Data section:
━━━━━━━━━━━━━━━━━━━━━━━━━━━━━━

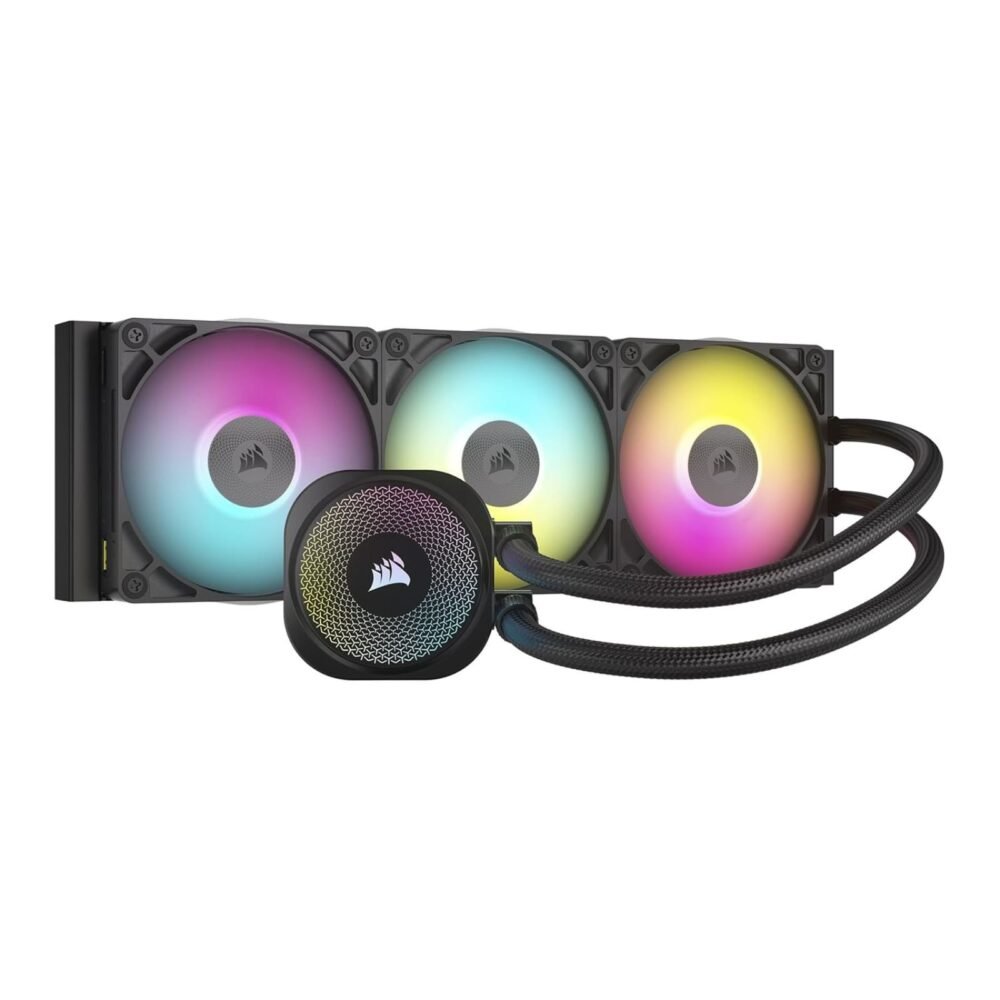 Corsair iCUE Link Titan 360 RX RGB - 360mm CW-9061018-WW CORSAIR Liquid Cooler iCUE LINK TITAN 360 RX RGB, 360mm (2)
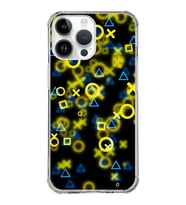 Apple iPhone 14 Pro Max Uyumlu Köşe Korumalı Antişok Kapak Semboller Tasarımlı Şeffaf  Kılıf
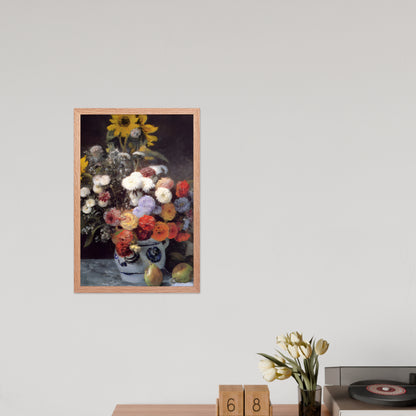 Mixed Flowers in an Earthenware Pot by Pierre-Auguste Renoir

━━━━━━━━━━━━━━━━━━━━━━━━━━━━━━

What is expected:
Could you copy each line above exactly as written, minus any pictures?

Exercise answer:
 Corsair iCUE Link Titan 360 RX RGB - 360mm CW-9061018-WW CORSAIR Liquid Cooler iCUE LINK TITAN 360 RX RGB, 360mm (2)
 Apple iPhone 14 Pro Max Uyumlu Köşe Korumalı Antişok Kapak Semboller Tasarımlı Şeffaf  Kılıf
 Mixed Flowers in an Earthenware Pot by Pierre-Auguste Renoir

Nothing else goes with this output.